* TASK PROMPT
Retype word for word the stretch of entries below from the line that has "Midnight Cat 3-Piece" through the line that has "Christmas brunch and", and omit the pictures.

* INFORMATION SUPPLIED
--- START ---
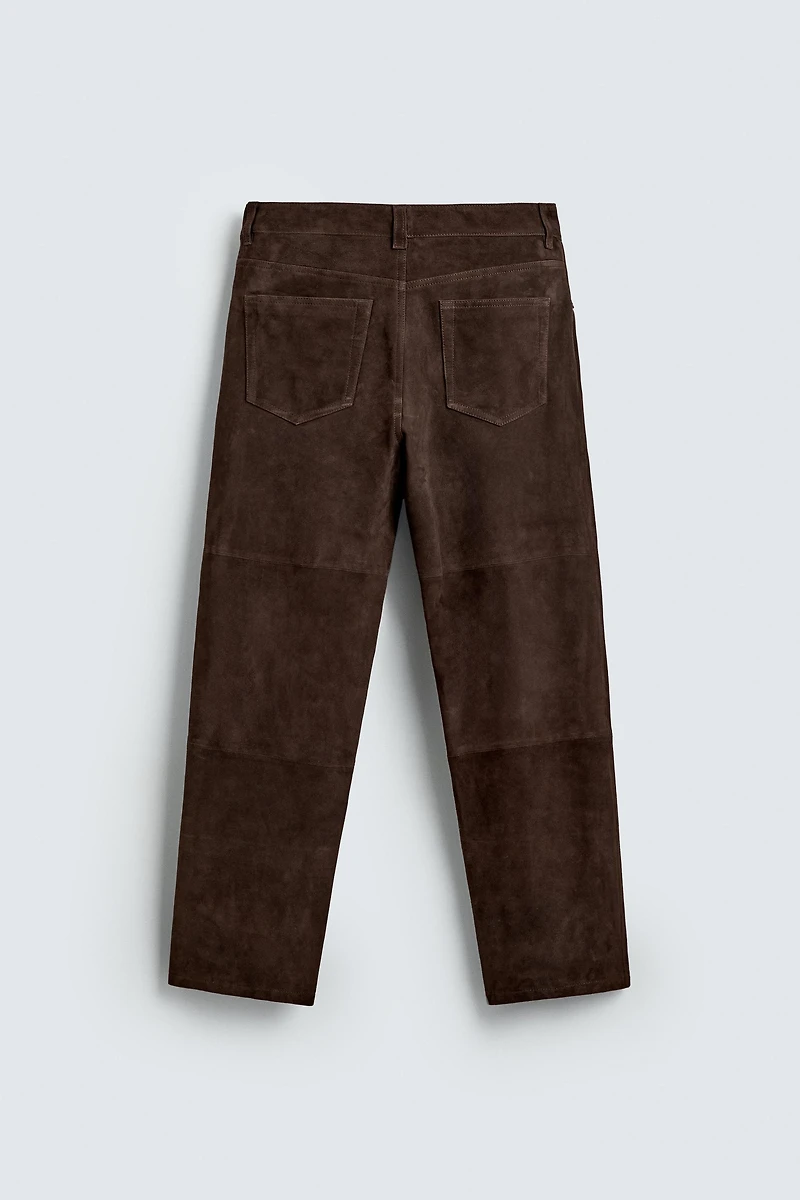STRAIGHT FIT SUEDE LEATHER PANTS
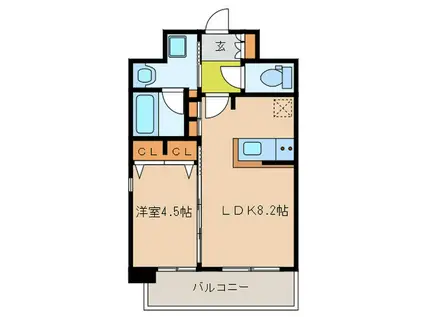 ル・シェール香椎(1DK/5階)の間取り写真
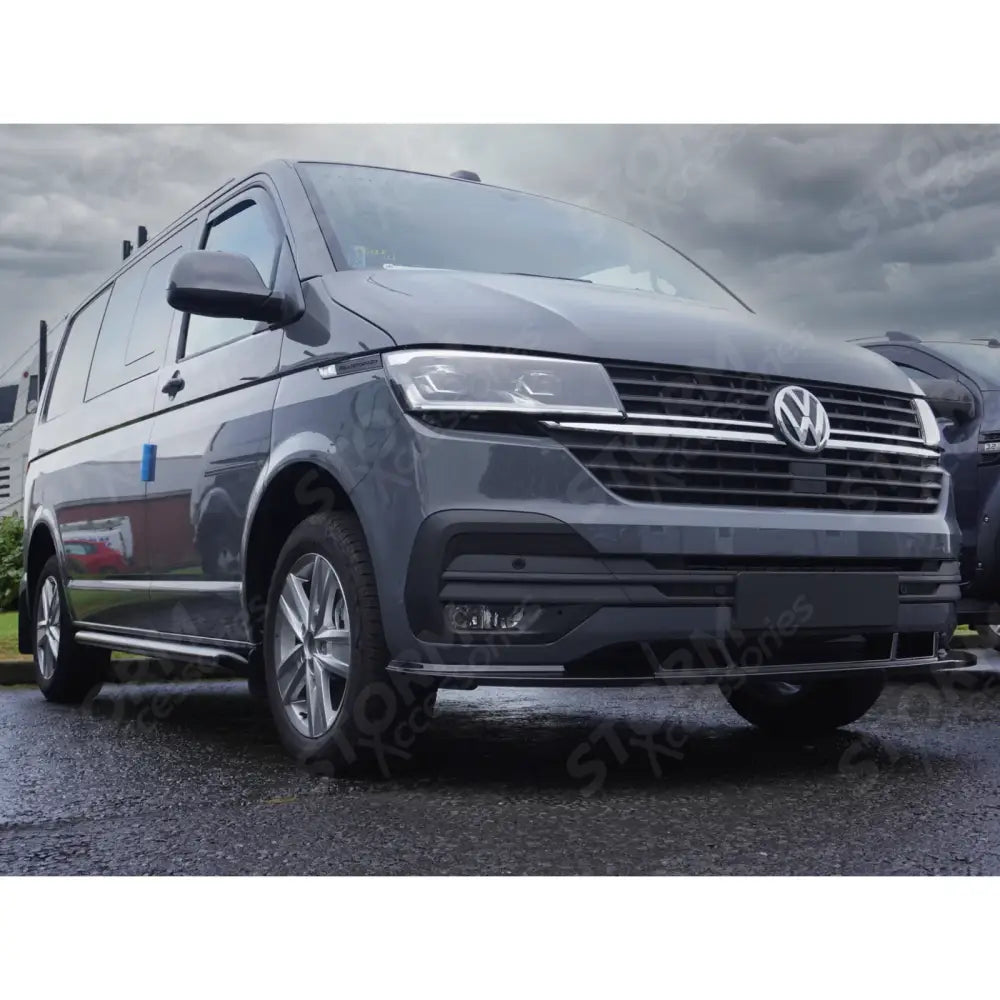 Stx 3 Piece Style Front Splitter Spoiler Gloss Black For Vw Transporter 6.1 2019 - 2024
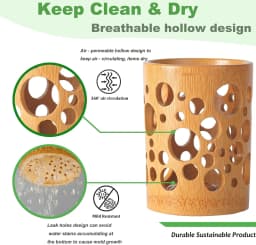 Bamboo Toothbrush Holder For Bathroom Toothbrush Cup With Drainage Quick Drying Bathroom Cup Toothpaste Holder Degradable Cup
--- END ---
--- START ---
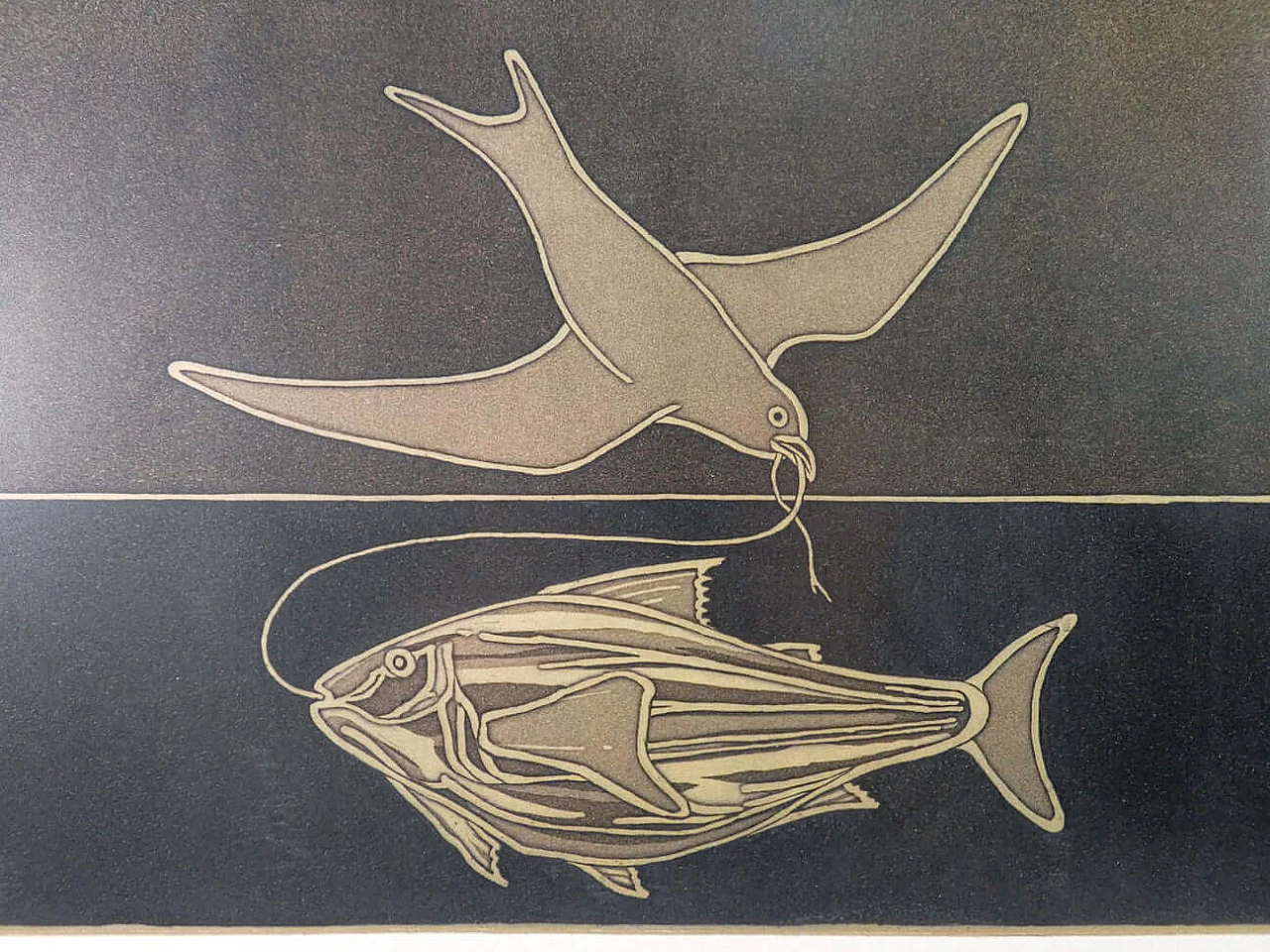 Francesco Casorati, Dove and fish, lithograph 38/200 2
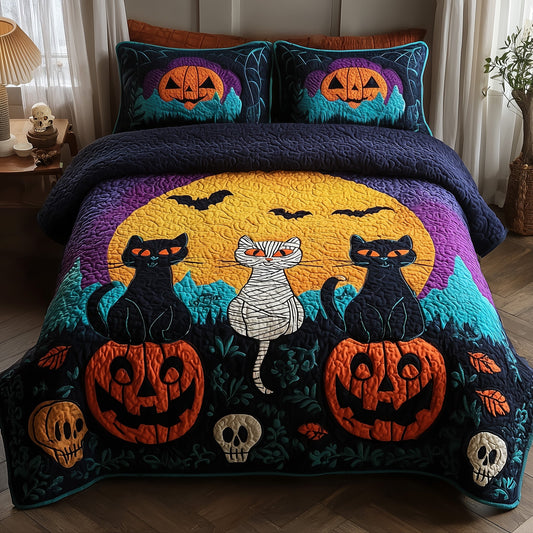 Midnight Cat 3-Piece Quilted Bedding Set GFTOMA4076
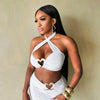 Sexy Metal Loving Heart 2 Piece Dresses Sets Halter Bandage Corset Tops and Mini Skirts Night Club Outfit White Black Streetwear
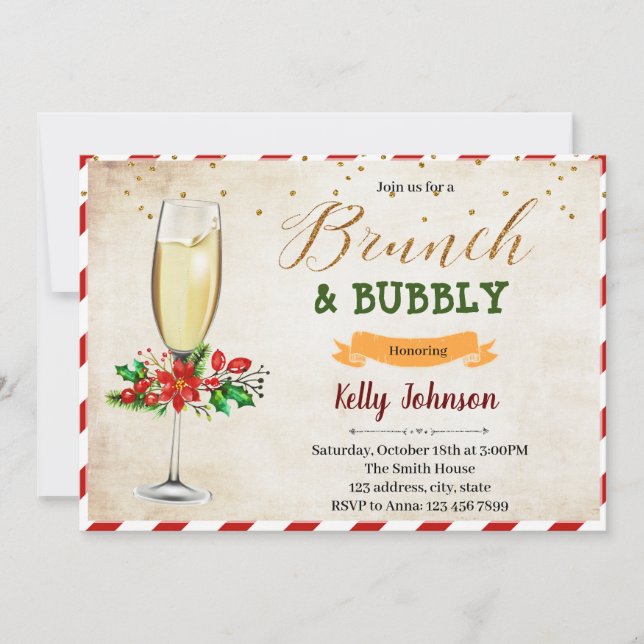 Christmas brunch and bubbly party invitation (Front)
--- END ---
* TASK OUTPUT
 Midnight Cat 3-Piece Quilted Bedding Set GFTOMA4076
 Sexy Metal Loving Heart 2 Piece Dresses Sets Halter Bandage Corset Tops and Mini Skirts Night Club Outfit White Black Streetwear
 Christmas brunch and bubbly party invitation (Front)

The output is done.